Il y a du style dans ce jeu. Il est simplement très mal mis en valeur.

Frey au Pays des Merveilles

L’histoire de Forspoken s’apparente à celle d’un isekai, sous-genre littéraire de la fantasy japonaise dans lequel un individu se retrouve transporté dans un monde parallèle lui étant inconnu. C’est exactement l’histoire de Frey Holland, notre héroïne en devenir, qui alors au fond du trou dans sa ville de New-York, va se trouver emportée sur Athia, suite à sa rencontre avec un bracelet ensorcelé à la langue bien pendue. 

L’aventure de Frey va se construire peu à peu dans une intrigue qui va l’amener malgré elle à affronter les Tantas, des femmes puissantes maîtrisant chacune une magie liée à un élément.
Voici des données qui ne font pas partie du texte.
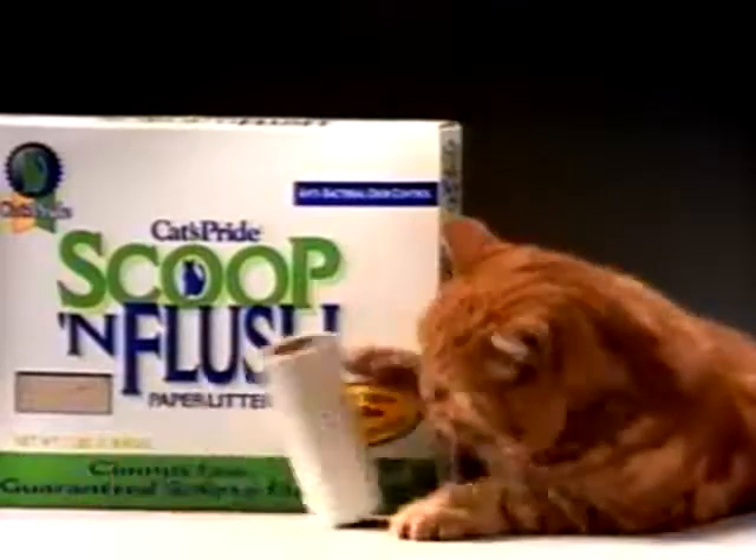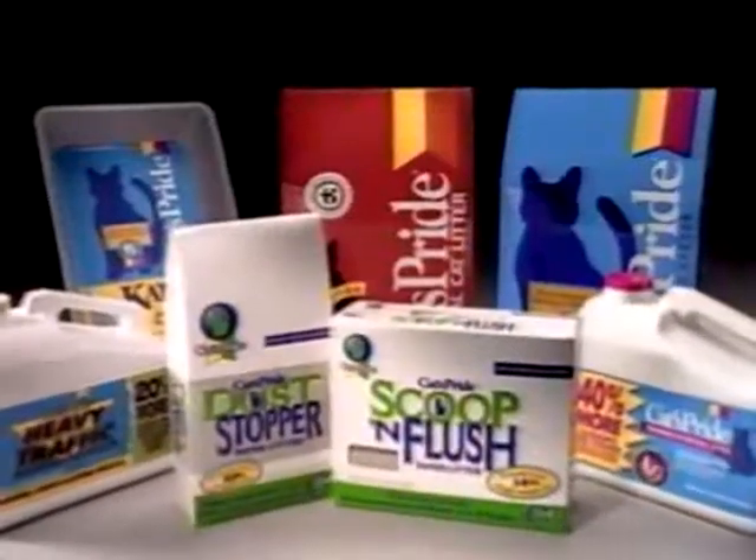New Scoop and Flush paper litter. It's like toilet paper for your cat. Only from Cats Pride.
Les Tantas dans le monde matriarcal d’Athia sont idéalement vues comme ses leaders et des personnalités vénérées. Cependant, depuis quelque temps, ces dernières ont visiblement perdu la tête, libérant par la même occasion la Brume, une espèce de brouillard responsable de la mort lente de leur monde. 

Or, Frey peut désormais utiliser de la magie liée à l’élément de la terre. Elle est aussi insensible à la Brume qui ne la tue, ni ne la transforme. La voilà donc toute désignée pour sauver ce monde, quand bien même il s’agirait là d’une responsabilité trop grande pour ses épaules. 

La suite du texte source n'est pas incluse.